El thane de Cawdor no podía saberlo, aunque los fundadores deberían percatarse, de que en el siglo XXI existe Internet. La red de encubrimiento y delación que, seamos sinceros, fue ideada y practicada durante siglos por los jesuitas, puede ser vulnerada con mucha mayor facilidad, y de poco vale que obliguen a todos los miembros de un instituto religioso a que instalen en sus computadoras algún software que permita seguir las navegaciones de su usuario, puesto que el frailecico podrá navegar con su celular, o con su tablet, y enterarse, por boca de los que escaparon de la trampa, de la verdad de la cuestión y en muchos casos descubrirán que lo mismo que les pasó o les pasa a ellos, le pasó también a decenas de sus hermanos en religión.
Quizás sea el encubrimiento de los “buenos” tan grave como la perversión del fundador.

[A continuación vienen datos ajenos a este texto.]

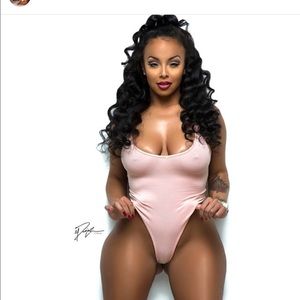 🎉🚫ISO Thong high cut bodysuits!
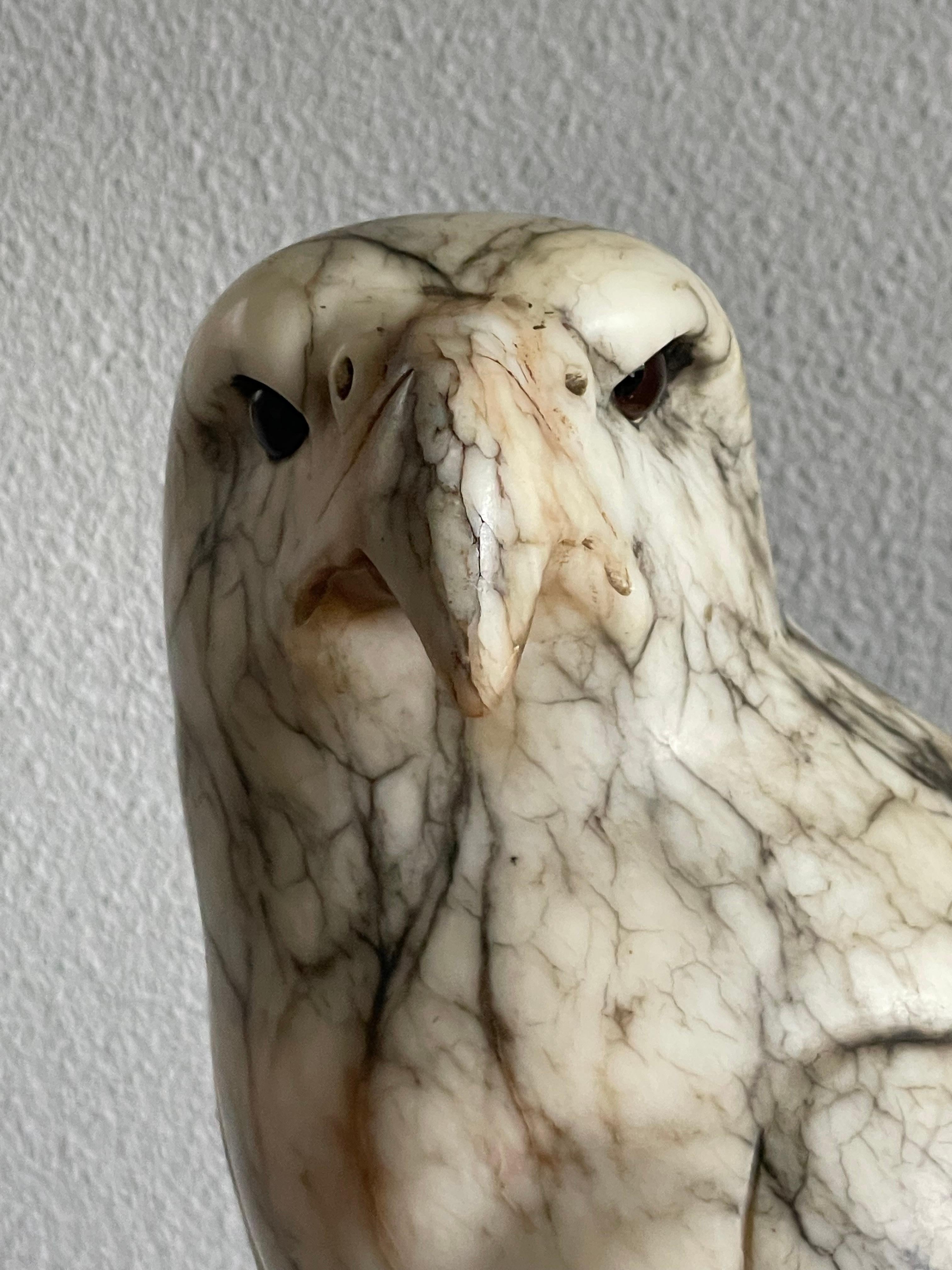 Extra Large Hand Carved & Mint Antique Alabaster American Bald Eagle Sculpture In Excellent Condition In Lisse, NL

Y, como dice MacBeth: Triste necesidad, que debamos por prudencia lavar nuestros honores en los torrentes de la adulación y hacer de nuestras caras máscaras de nuestros corazones, para ocultar lo que son! (acto III, escena 2).No sé yo cómo harán para vivir con ese pecado en su corazón. Es que, tanto sea el fundador como su corte de encubridores, deben desarrollar algún tipo de coraza que les permita vivir con ese enorme peso en la conciencia. Alguno me dirá que no les pesa puesto que su conciencia está ya cauterizada. Es posible. Pero me resisto a creer que no quede en ellos un buen resto de moral o de conciencia de pecado. ¡Son sacerdotes católicos! ¿Cómo no aterrarse al enterarse, quizás semanalmente, que otro de sus dirigidos dejó el ministerio y perdió la fe? ¿O cómo no aterrarse al caer en la cuenta que debido a sus abusos psicológicos destruyeron irremediablemente una vida? ¿Es posible que no tengan reacción alguna frente a eso? Y aparentemente sí, es posible, porque allí andan de los más orondos. MacBeth, al menos, después de haber asesinado al rey Duncan y a su amigo Banquo (y los fundadores han asesinado a muchos más), tenía una conciencia roída: Y la voz siguió gritando de aposento en aposento: ¡No dormirás más!... ¡Glamis ha asesinado el sueño y, por tanto, Cawdor no dormirá más!... ¡Macbeth no dormirá más! (acto II, escena 2).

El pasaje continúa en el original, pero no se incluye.